*YOUR TASK*: Print nothing but the lines below starting at the line that holds "617 W OLYMPIA AVENUE, Punta Gorda, FL 33950" and ending at the line that holds "Small Image of", including both, each exactly as written.

*RECORDS PROVIDED*:

· · ·

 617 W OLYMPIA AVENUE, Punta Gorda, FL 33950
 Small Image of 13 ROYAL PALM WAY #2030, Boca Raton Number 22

· · ·

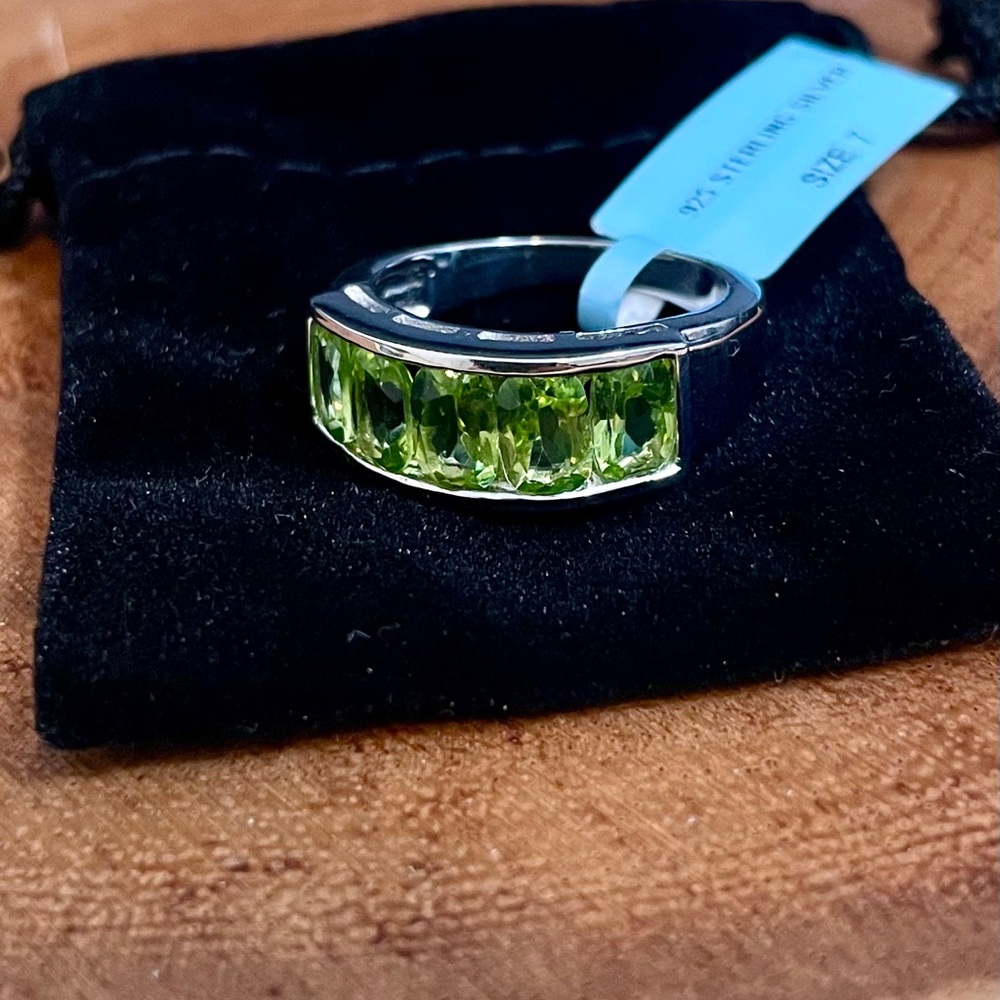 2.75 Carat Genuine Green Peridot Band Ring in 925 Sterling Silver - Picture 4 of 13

· · ·

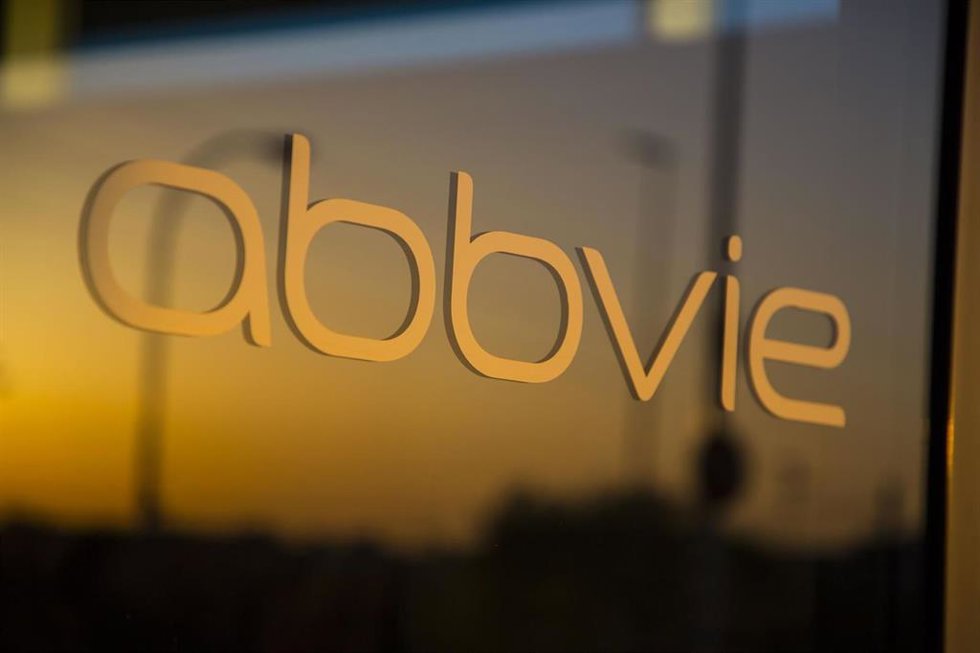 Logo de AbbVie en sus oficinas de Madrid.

· · ·

*TASK ANSWER*:
 617 W OLYMPIA AVENUE, Punta Gorda, FL 33950
 Small Image of 13 ROYAL PALM WAY #2030, Boca Raton Number 22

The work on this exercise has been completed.